▶ [Task statement]:
Print, exactly as written, the line in the entries below that contains "Aeroplast Transparent Plasters" and every line after it up to and including the last. Omit pictures.

Excerpts from a dataset
[Start of section]
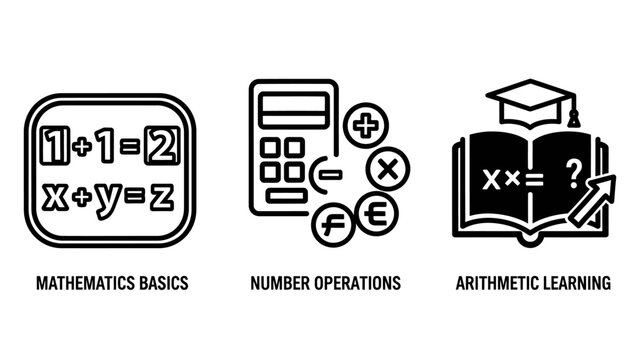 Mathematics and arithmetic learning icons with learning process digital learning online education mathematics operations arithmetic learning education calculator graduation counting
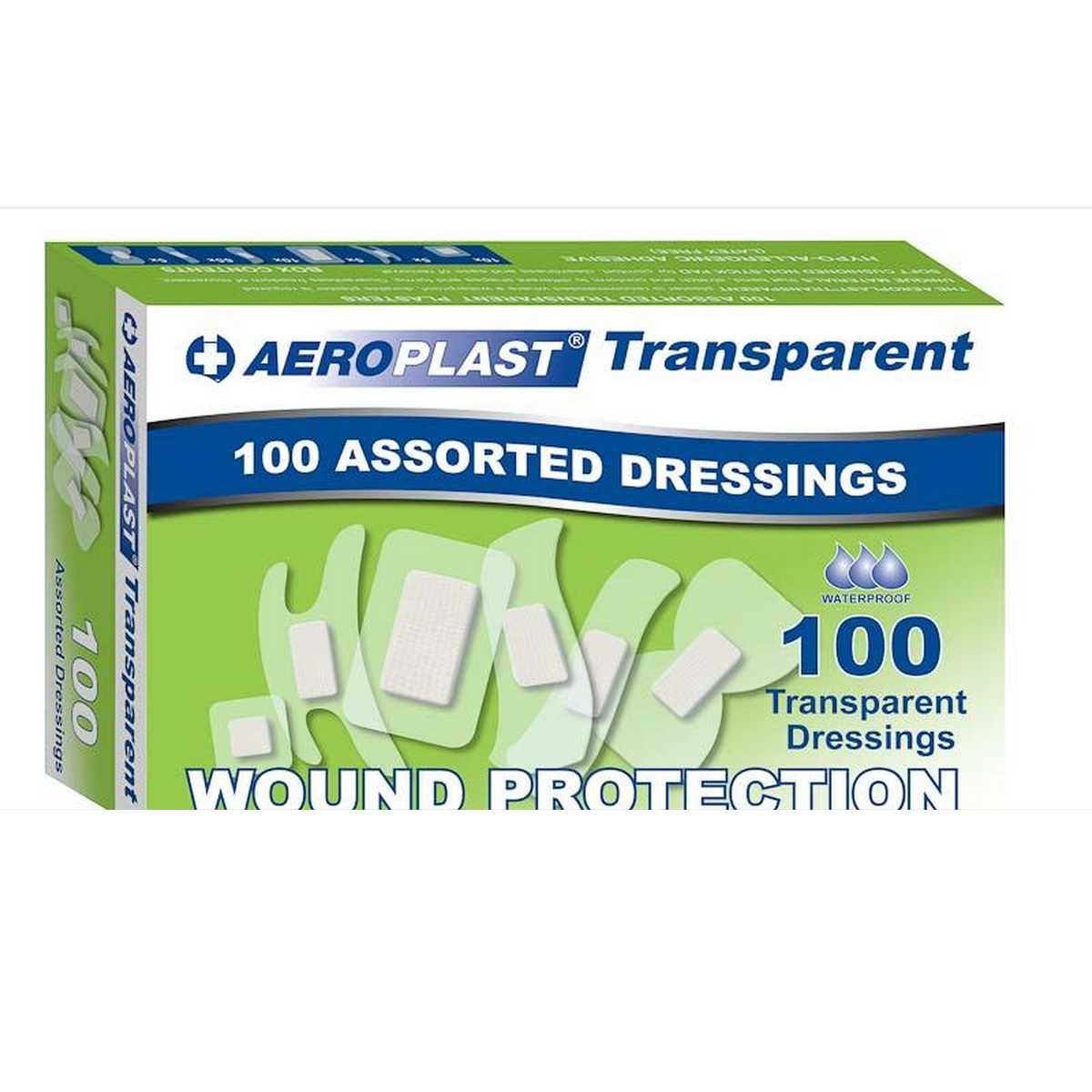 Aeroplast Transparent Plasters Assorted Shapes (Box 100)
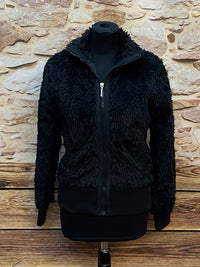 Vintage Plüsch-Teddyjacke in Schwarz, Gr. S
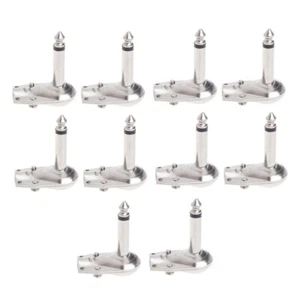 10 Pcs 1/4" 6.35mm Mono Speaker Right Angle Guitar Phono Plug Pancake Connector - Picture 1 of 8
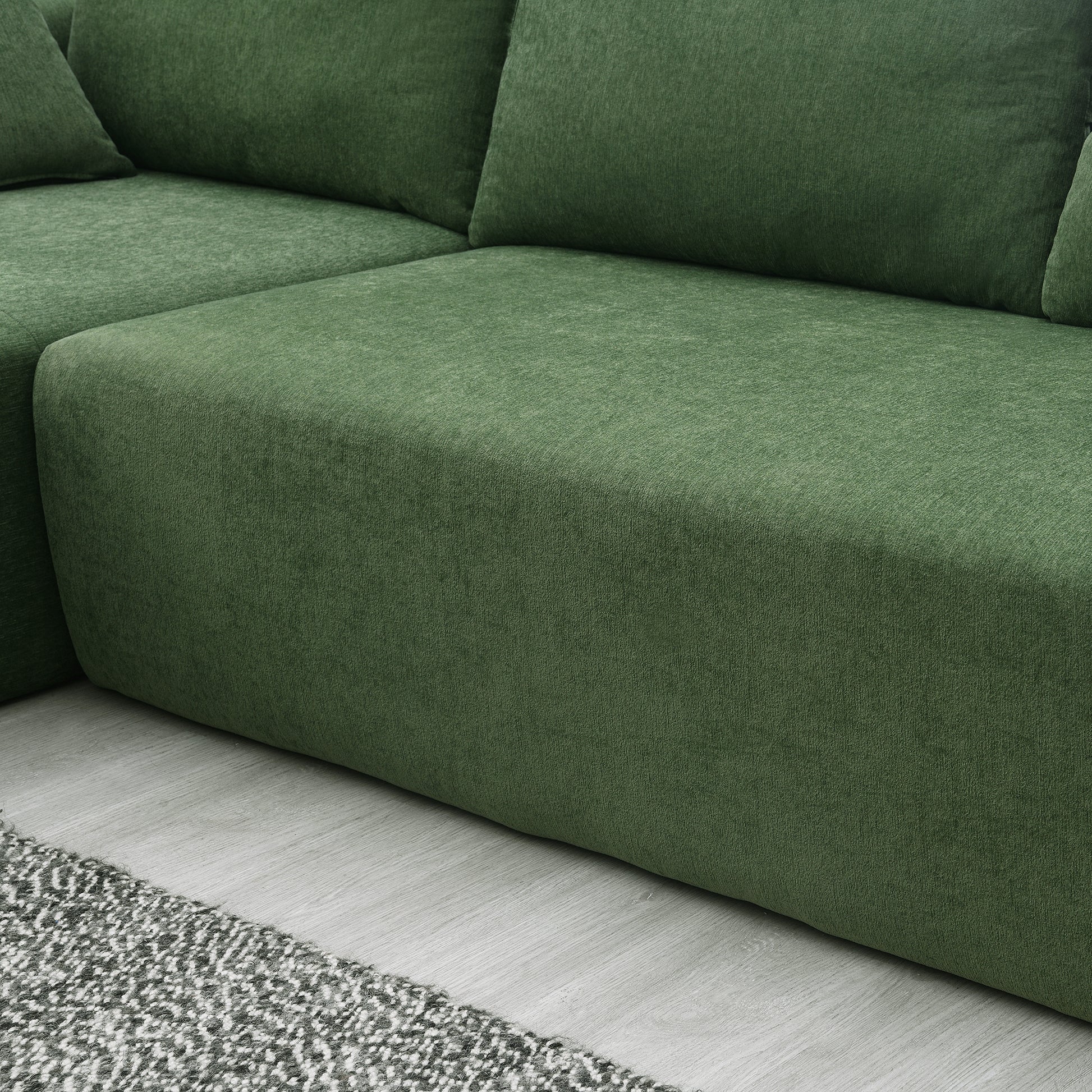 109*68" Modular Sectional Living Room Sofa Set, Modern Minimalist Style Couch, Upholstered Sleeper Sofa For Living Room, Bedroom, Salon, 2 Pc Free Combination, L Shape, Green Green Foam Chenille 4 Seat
[End of section]
▶ [Output below]:
 Aeroplast Transparent Plasters Assorted Shapes (Box 100)
 Vintage Plüsch-Teddyjacke in Schwarz, Gr. S
 10 Pcs 1/4" 6.35mm Mono Speaker Right Angle Guitar Phono Plug Pancake Connector - Picture 1 of 8
 109*68" Modular Sectional Living Room Sofa Set, Modern Minimalist Style Couch, Upholstered Sleeper Sofa For Living Room, Bedroom, Salon, 2 Pc Free Combination, L Shape, Green Green Foam Chenille 4 Seat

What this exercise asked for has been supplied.